Kohlberg, Kravis Roberts & Co. and other investment banking and venture capital firms are imploring [read: lobbying hard] the FCC not to really reduce the scope of the FCC's unbundling rules. They are understandably concerned about the investments they made in certain CLECs based on expectations (and hopes) that the uneconomic UNE regime would remain in place indefinitely.
According to a TR Daily story [subscription required], the investment firms have told Chairman Powell: "We committed this capital to, and have continued to invest in, competitive wireline telecommunications infrastructure in reliance on the FCC's steady and consistent interpretation of the telecom act over the past eight years, which you also have articulated." Problem is, the FCC's steady and consistent interpretation of the Telecom Act's unbundling regime for the past eight years was unlawful.

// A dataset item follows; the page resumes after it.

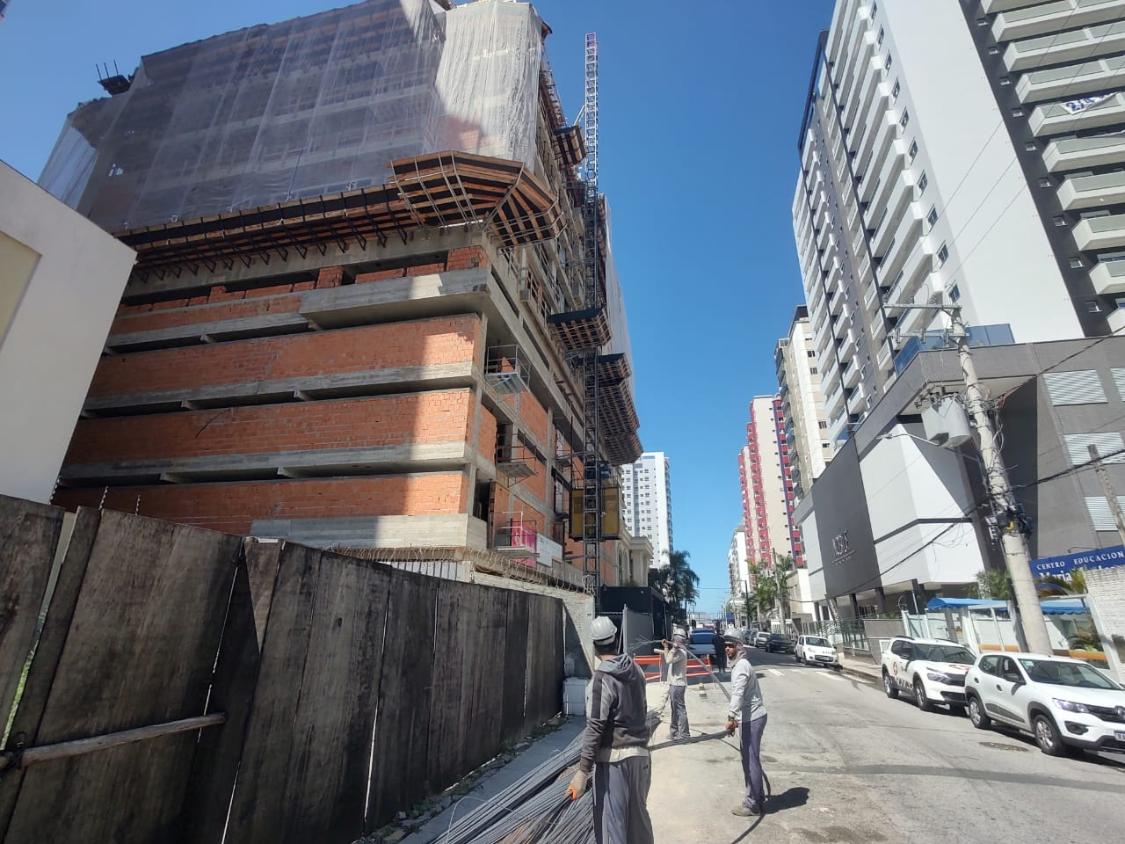 Loteamento e Condomínio, 263 m² - Foto 20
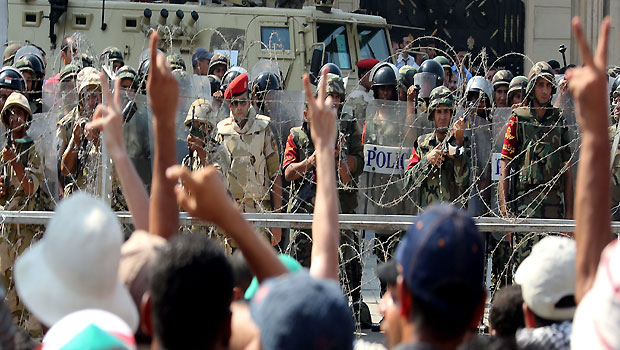 upporters of the ousted Egyptian President Mohamed Morsi gather next the headquarters of the Republican Guard, in Cairo, Egypt, 05 July 2013. (EPA/Mohammed Saber)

The DC Circuit put it very succinctly at the very end of its USTA II decision vacating the FCC's unbundling rules that the investment bankers now implore the Commission largely to keep in place. In imposing a very short dealine before its mandate would be effective, the court emphasized: "This deadline is appropriate in light of the Commission's failure, after eight years, to develop lawful unbundling rules, and its apparent unwillingness to adhere to prior judicial rulings."
I assume the bankers have heard the expression "Eight is enough!" And they should understand that it is now time for the FCC to get on the right side of the law, regardless of whatever legal or political advice they early on may have received concerning how different people may have thought the Telecom Act ought to be interpreted.